I liked these stories. Katherine liked them. I’d worked hard on them.

There was so much smoke in my eyes.

But I held on.

Mary Foxe had known that it was more than a matter of snapping her fingers and having Mr. Fox change his ways — she’d known it would be difficult, but this was beyond all her expectations. She’d been asleep for days, in a four-poster bed in a dark blue room. There wasn’t a part of her body that didn’t ache. Her brain ached most of all. She’d felt terrible burning his stories, which she’d actually thought were rather good. She couldn’t have let Mr. Fox get away with beheading her, though. That was exactly the kind of behaviour she had set out to discourage. She was aware of a large clock ticking outside the bedroom door, but it didn’t wake her up. Mary was busy having a very long dream.
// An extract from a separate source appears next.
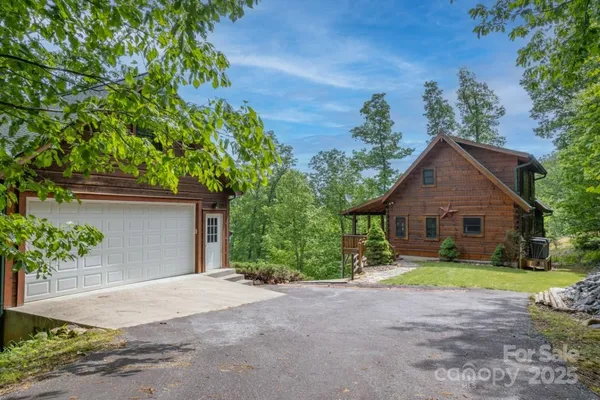 a view of a house with a yard and large trees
In her dream, she was a spinster. Fastidious, polite, and thirty-eight years old. Her features were plain and unremarkable — they had always been plain and unremarkable. She had been a dutiful daughter when her parents were alive, and now Dream-Mary lived in the attic of the house her parents had left her. The remainder of the house she had hoped to let to a family — but no family liked the idea of living there with her up in the attic like that. So Mary let the house below to a solicitor named Pizarsky. He was out all day — that was good. He was punctual with his rent — also good. In the evenings, however, he hosted parties that were exclusively attended by attractive young ladies who giggled for hours on end. That was tiresome.